Small-Balance Market Shows Resilience

Despite pressure from rising interest rates, valuations on properties securing small-balance multifamily loans have shown clear resilience, said Arbor and Chandan Economics.

Cap rates at mid-year were essentially unchanged from a year ago, the firms’ Small Balance Multifamily Trends report said. “While debt yields have increased slightly, the small balance market’s liquidity and borrowing capacity has not weakened,” it reported.

Volume of new multifamily loans between $1 million and $5 million totaled $49.9 billion during 2017, the most activity since the financial crisis. Volume declined 5.8 percent in the first half of the year to a $47.0 billion annualized rate, but the report predicted full-year lending volume to be on par with 2017 after seasonal adjustments.

“As the macroeconomic and real estate cycles lengthen, the [small-balance] multifamily sector is generally expected to outperform other property types, both in terms of liquidity and the stability of operating fundamentals,” the report said. “Healthy operating income, a structural diversity of capital sources and elevated demand for refinancing from the sector’s higher indebtedness will support a critical mass of lending activity.”

The report noted changing policy priorities in Washington could lead to a disruption to the sector. Specifically, congressional reform of Fannie Mae and Freddie Mac–two important sources of small-balance financing–could cause an “adverse shock” to multifamily liquidity. But the report called this scenario “exceptionally unlikely” in the near- to medium-term.

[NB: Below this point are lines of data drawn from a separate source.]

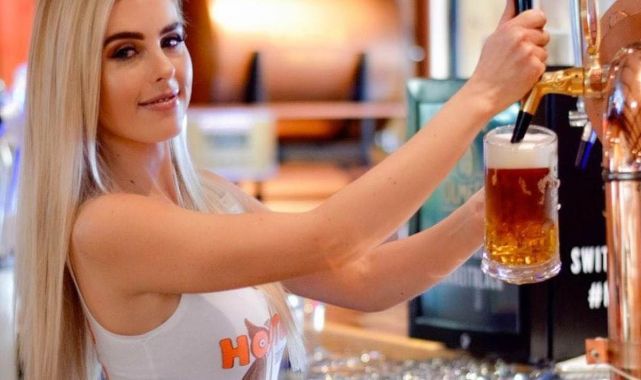 Hooters files for bankruptcy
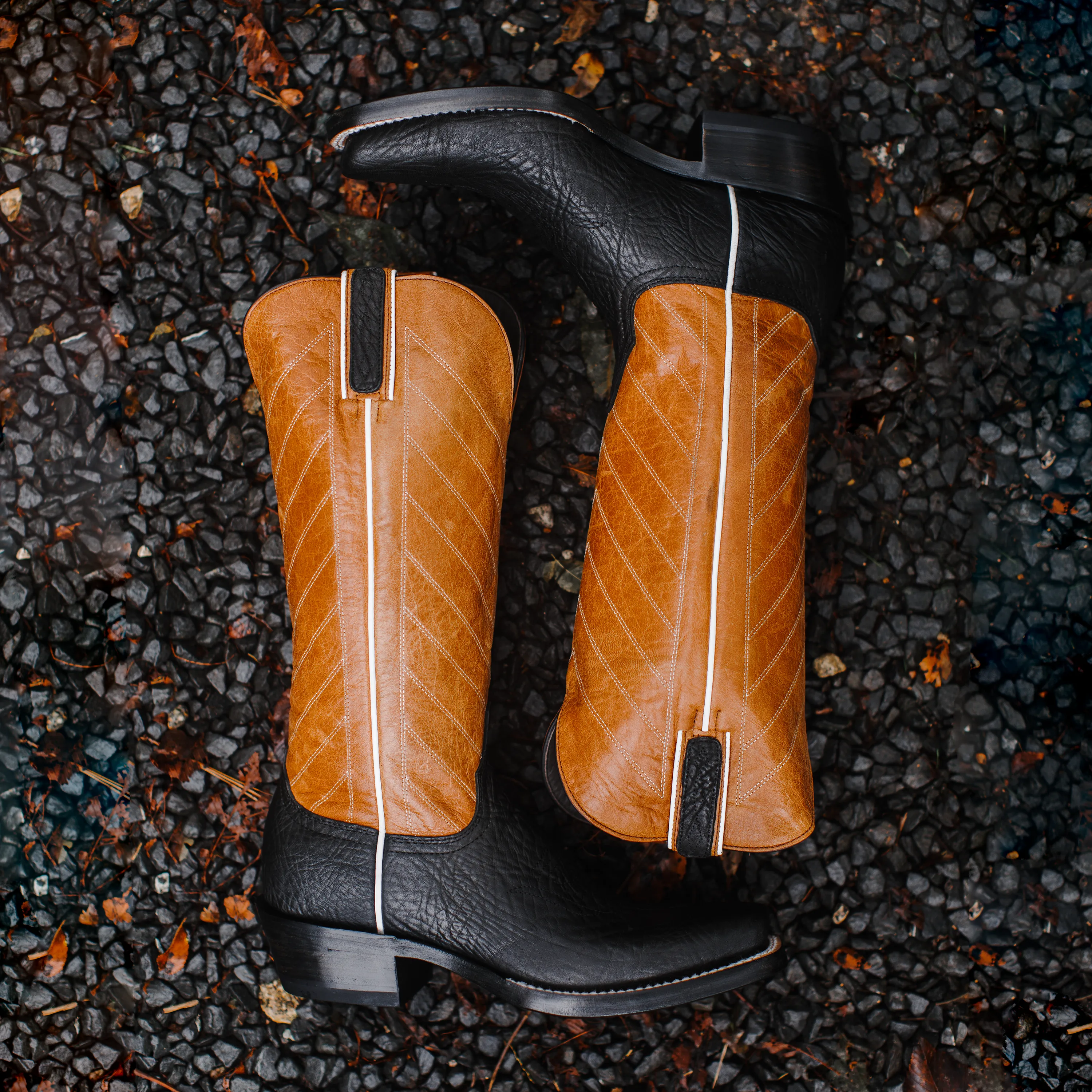 Chisolm - Square Toe - Black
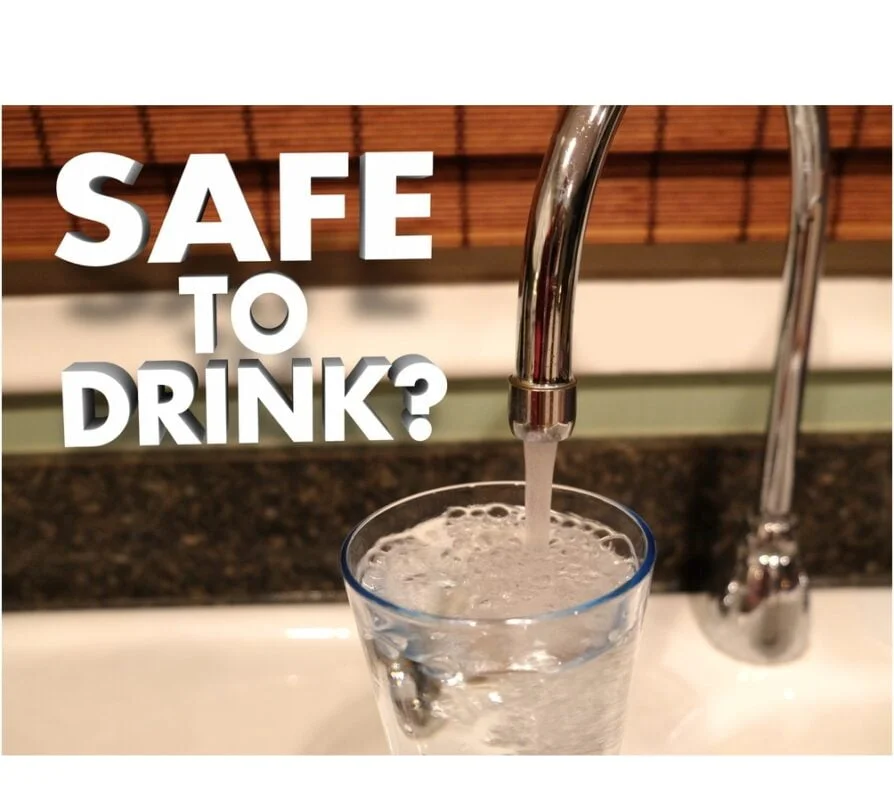 Safe to Drink question in 3d words beside a faucet pouring water in a glass. πόσιμο νερό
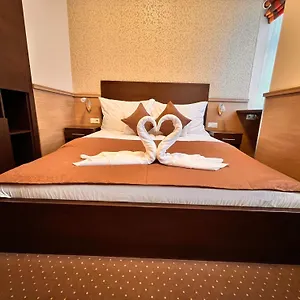 Hotel 21 And, Budapeste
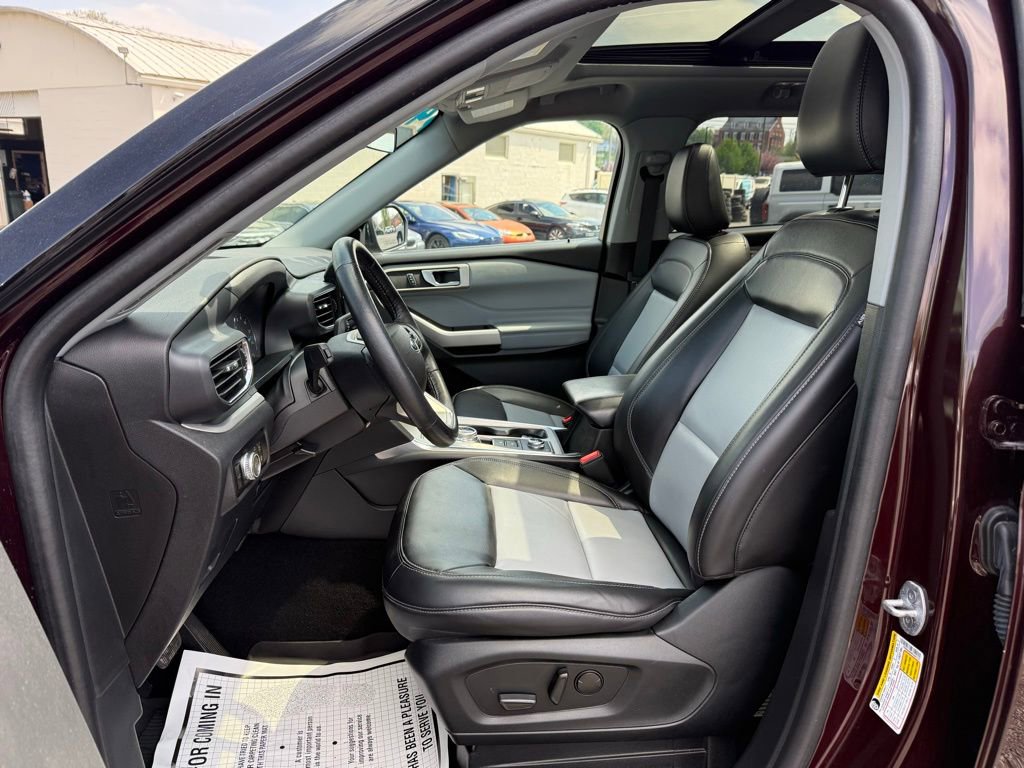 Certified 2023 Ford Explorer XLT w/ Equipment Group 202A AWD/4WD image 12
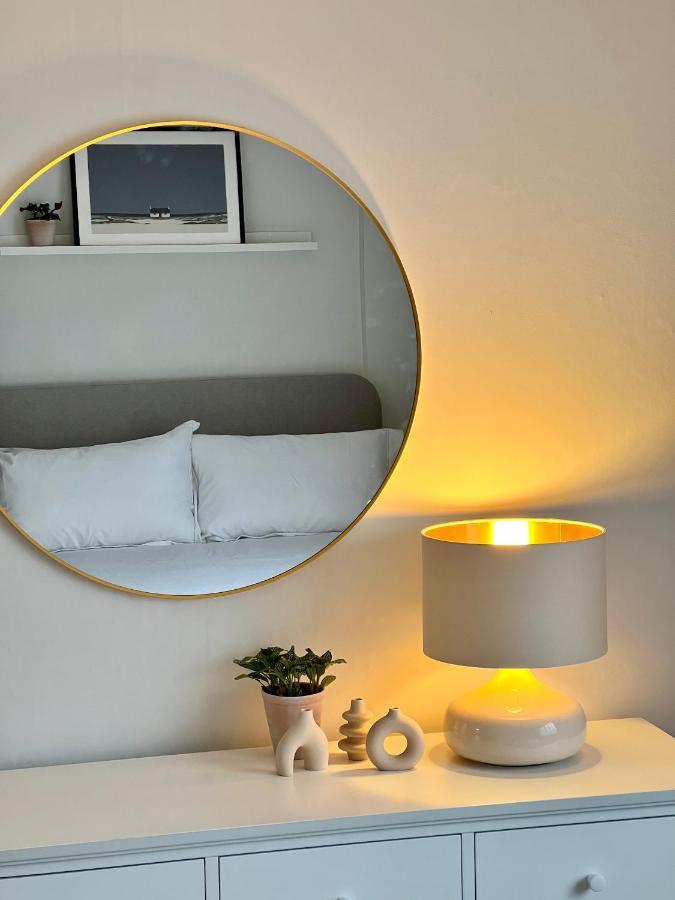 House With Garden And Parking 15 Min To City Center Edimburgo Exterior foto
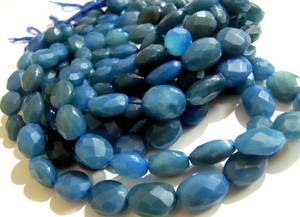 Cadena de cuentas de calcedonia azul natural, forma ovalada, facetadas, tipo briolette, de 10 pulgadas de largo. - Product Image 3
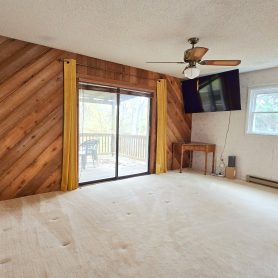 Cozy 3 Bed 1 Bath Ten Minutes to Weaverville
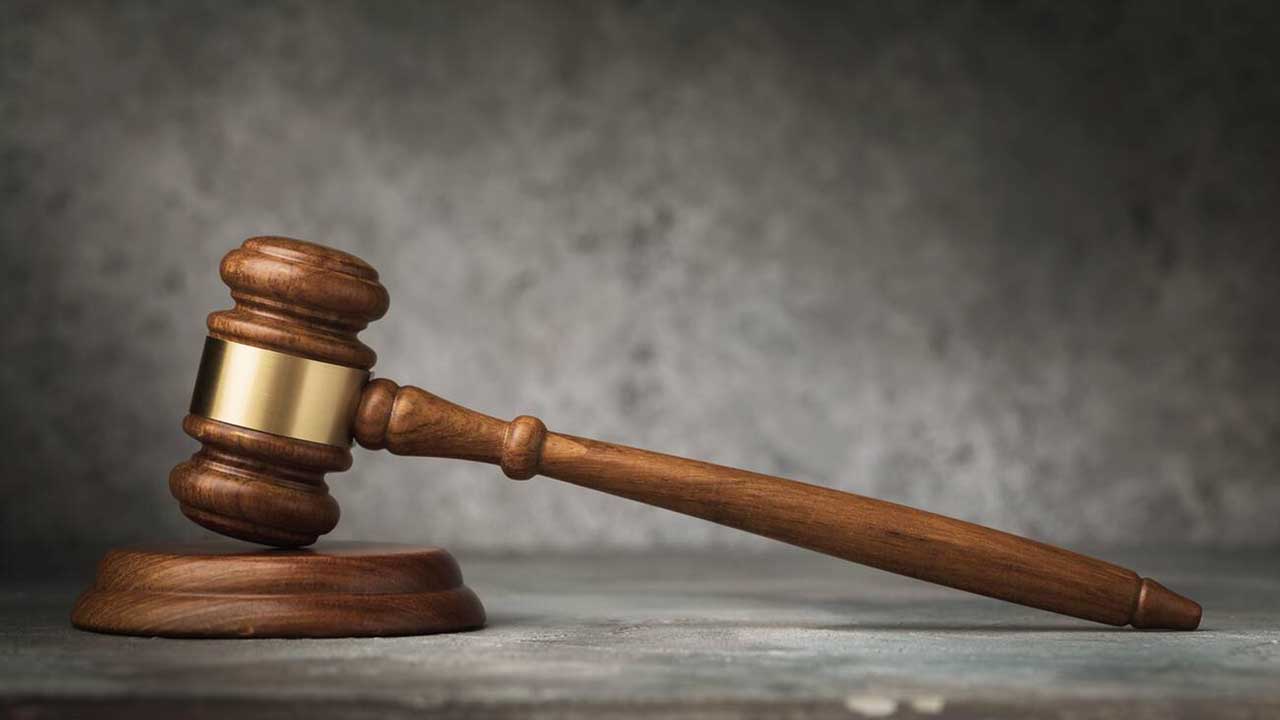 Gavel - Courtroom - Oregon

National average cap rates for multifamily properties backed by small-balance loans increased less than five basis points during the second quarter, taking them to just over 6.1 percent, the report said. Cap rates have increased by 23 basis points since the 5.89 percent apparent low point for this cycle in second-quarter 2016.

Small-balance cap rates peaked at 7.60 percent just after the financial crisis. “While small-balance cap rates have increased over the last two years, they remain low by historic norms,” the report said. 

That limited increase in small-balance cap rates contrasts with the underlying interest rate environment, the report said. The 10-year Treasury has increased by nearly 140 basis points from its most recent quarterly low of 1.6 percent during third-quarter 2016. Meanwhile, the spread between small balance cap rates and the Treasury declined to its lowest level since 2008.

Leverage on small-balance loans has declined somewhat this year, reflecting the impact of mortgages held on balance sheets by regional and community banks, the report noted. The loan-to-value ratio on small-balance loans originated in the second quarter equaled 67.5 percent, down 70 basis points from a year ago, while LTVs for larger multifamily loans increased by 50 basis points, reflecting higher competitive pressures for larger assets. As a result, the LTV spread between small-balance loans and the larger multifamily market has increased since 2014, it said.

“While the broader real estate market has shown signs of softness, small-balance investment activity and liquidity have improved in part by this cycle’s increase in aggregate agency support,” the report said. “Barring a downturn in the economy (inevitable but not in the immediate future) or a policy misstep by the administration, the overall lending environment for small-cap properties is projected to remain healthy.”